# Form 5500 Data Downloader

Downloads the following files from the DOL EBSA public database for **2009–2023**:

| Label | File | What it contains |
|---|---|---|
| `main_5500` | F_5500 | Plan identity, type, participants, plan year |
| `schedule_H` | F_SCH_H | Assets, liabilities, income, expenses, equity allocation |
| `schedule_R` | F_SCH_R | Retirement plan info, contribution rates |
| `schedule_R1` | F_SCH_R_PART1 | **Employer roster** — EINs of every contributing employer |

Files are saved to your **Google Drive** at `MyDrive/form5500/raw/{year}/`

**Run cells in order: 1 → 2 → 3 → 4 → 5 → 6**

---
**Estimated download size:** ~15–25 GB total across all years  
**Estimated time:** 45–90 minutes depending on your connection  
**Note:** Colab Pro recommended to avoid session timeouts on the full download.
For a quick test, run Cell 6 with `years=[2019]` first.

In [None]:
# ── Cell 1: Mount Google Drive ───────────────────────────────────────────────
# Your files will be saved here and persist after the session ends.

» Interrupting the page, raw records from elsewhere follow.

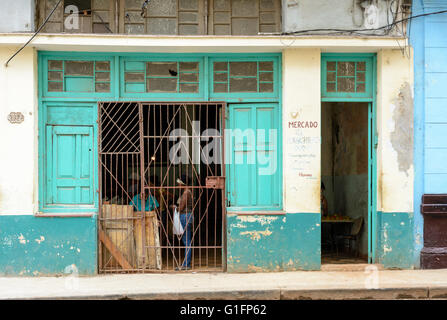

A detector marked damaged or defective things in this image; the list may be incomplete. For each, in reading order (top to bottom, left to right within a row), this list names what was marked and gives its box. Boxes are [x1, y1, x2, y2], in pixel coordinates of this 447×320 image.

peeling paint on wall [392, 81, 416, 174] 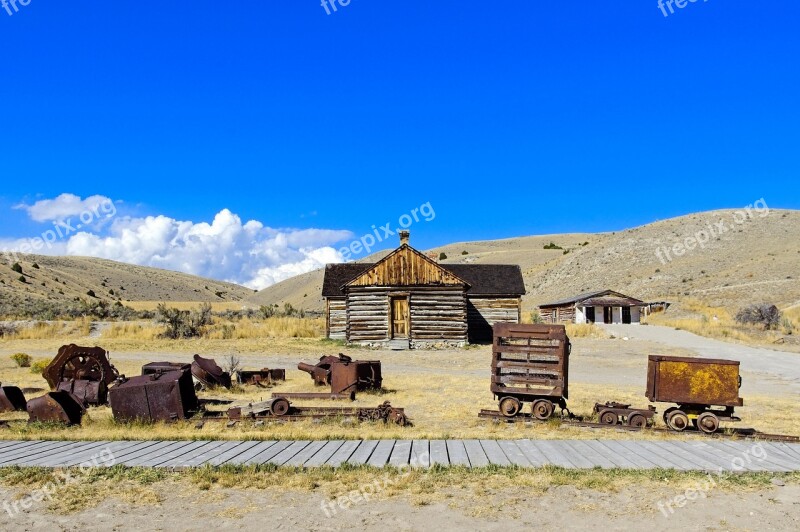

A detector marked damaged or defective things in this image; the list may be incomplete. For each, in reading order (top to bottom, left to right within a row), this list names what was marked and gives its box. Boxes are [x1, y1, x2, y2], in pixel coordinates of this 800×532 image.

rusted metal machinery [42, 342, 119, 406]
rusted metal machinery [191, 356, 231, 388]
rusted metal machinery [236, 370, 286, 386]
rusted metal machinery [298, 354, 382, 394]
rusted metal machinery [490, 322, 572, 418]
rusty mine cart [490, 324, 572, 420]
rusted metal machinery [0, 384, 27, 414]
rusted metal machinery [27, 388, 86, 426]
rusted metal machinery [109, 366, 198, 424]
rusted metal machinery [220, 396, 410, 426]
corroded iron wheel [496, 396, 520, 418]
corroded iron wheel [536, 402, 552, 422]
corroded iron wheel [600, 410, 620, 426]
rusted metal machinery [592, 404, 656, 428]
corroded iron wheel [664, 412, 692, 432]
rusted metal machinery [648, 356, 740, 434]
rusty mine cart [644, 356, 744, 434]
corroded iron wheel [696, 414, 720, 434]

from google.colab import drive
drive.mount('/content/drive')
print('Drive mounted.')

In [None]:
# ── Cell 2: Imports and Configuration ───────────────────────────────────────

import os
import time
import zipfile
import csv
import requests
import pandas as pd
from pathlib import Path

# ── Where to save everything ──────────────────────────────────────────────
BASE_DIR = Path('/content/drive/MyDrive/form5500/raw')
BASE_DIR.mkdir(parents=True, exist_ok=True)
print(f'Base directory: {BASE_DIR}')

# ── Years to download ─────────────────────────────────────────────────────
# DOL switched to the current EFAST2 format in 2009.
# 2004-2008 have different URLs and file structures — handled separately below.
YEARS = list(range(2009, 2024))  # 2009 through 2023

# ── File types ────────────────────────────────────────────────────────────
# (label_for_your_reference, DOL_filename_stem)
FILE_TYPES = [
    ('main_5500',   'F_5500'),          # Main form: plan identity, type, participants
    ('schedule_H',  'F_SCH_H'),         # Assets, liabilities, equity allocation
    ('schedule_R',  'F_SCH_R'),         # Contribution rates, plan type
    ('schedule_R1', 'F_SCH_R_PART1'),   # EMPLOYER ROSTER — the linchpin file
]

# ── DOL URL base ──────────────────────────────────────────────────────────
# All files follow this pattern:
# https://askebsa.dol.gov/FOIA Files/{year}/Latest/{stem}_{year}_Latest.zip
DOL_BASE = 'https://askebsa.dol.gov/FOIA%20Files'

# ── Retry / politeness settings ───────────────────────────────────────────
MAX_RETRIES    = 3     # retry failed downloads this many times
RETRY_DELAY    = 15   # seconds to wait between retries
PAUSE_BETWEEN  = 3    # seconds to pause between each successful download

print(f'Will download {len(YEARS)} years × {len(FILE_TYPES)} file types = {len(YEARS)*len(FILE_TYPES)} zip files')
print(f'Years: {YEARS[0]}–{YEARS[-1]}')
print(f'File types: {[f[0] for f in FILE_TYPES]}')

In [None]:
# ── Cell 3: Helper Functions ─────────────────────────────────────────────────

def build_url(year, file_stem):
    """Build the DOL download URL for a given year and file stem."""
    filename = f'{file_stem}_{year}_Latest.zip'
    return f'{DOL_BASE}/{year}/Latest/{filename}'


def download_file(url, dest_path, label):
    """
    Download url to dest_path with retry logic.
    Skips if the file already exists and is > 1KB (avoids re-downloading).
    Returns True on success, False on failure.
    """
    dest_path = Path(dest_path)
    dest_path.parent.mkdir(parents=True, exist_ok=True)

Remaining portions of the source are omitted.